[Dataset content Boundary: Start]

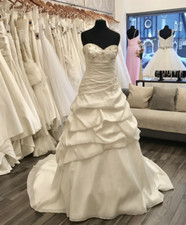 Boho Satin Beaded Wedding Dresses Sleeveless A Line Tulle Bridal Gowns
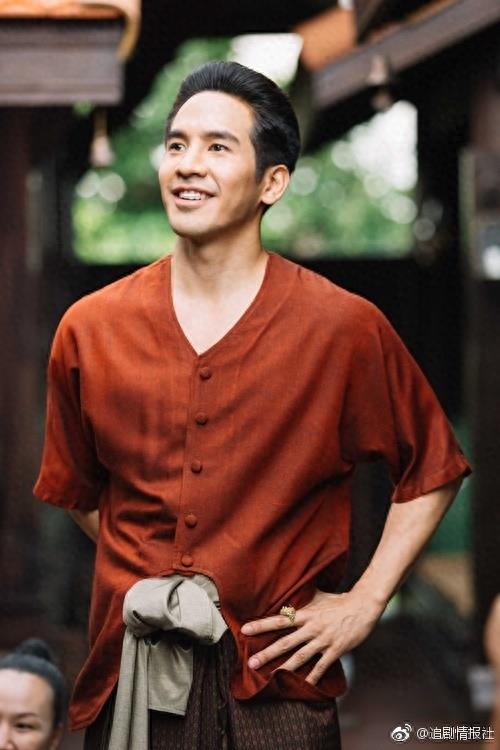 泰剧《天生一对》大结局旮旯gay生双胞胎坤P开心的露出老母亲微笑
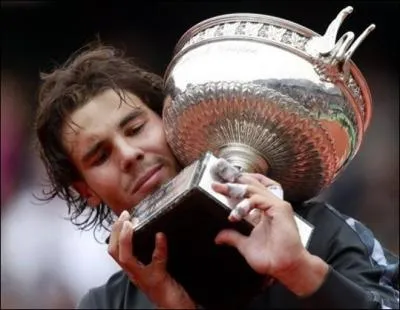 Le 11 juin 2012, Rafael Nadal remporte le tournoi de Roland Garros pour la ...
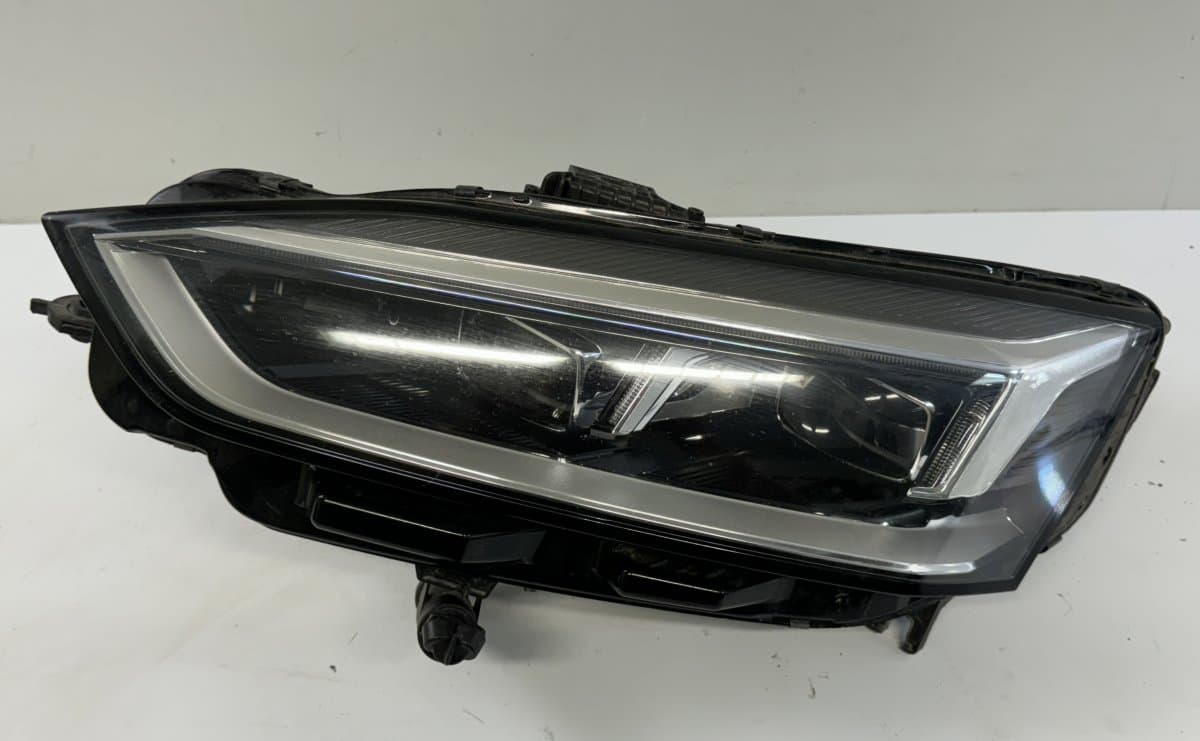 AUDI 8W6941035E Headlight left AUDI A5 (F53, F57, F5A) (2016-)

[Dataset content Boundary: End]

_Task statement_: Lines before the one containing "泰剧《天生一对》大结局旮旯gay生双胞胎坤P开心的露出老母亲微笑" are not wanted; write out that line and every later line through the end of the data above, exactly, without pictures.

_Response to this task_:
 泰剧《天生一对》大结局旮旯gay生双胞胎坤P开心的露出老母亲微笑
 Le 11 juin 2012, Rafael Nadal remporte le tournoi de Roland Garros pour la ...
 AUDI 8W6941035E Headlight left AUDI A5 (F53, F57, F5A) (2016-)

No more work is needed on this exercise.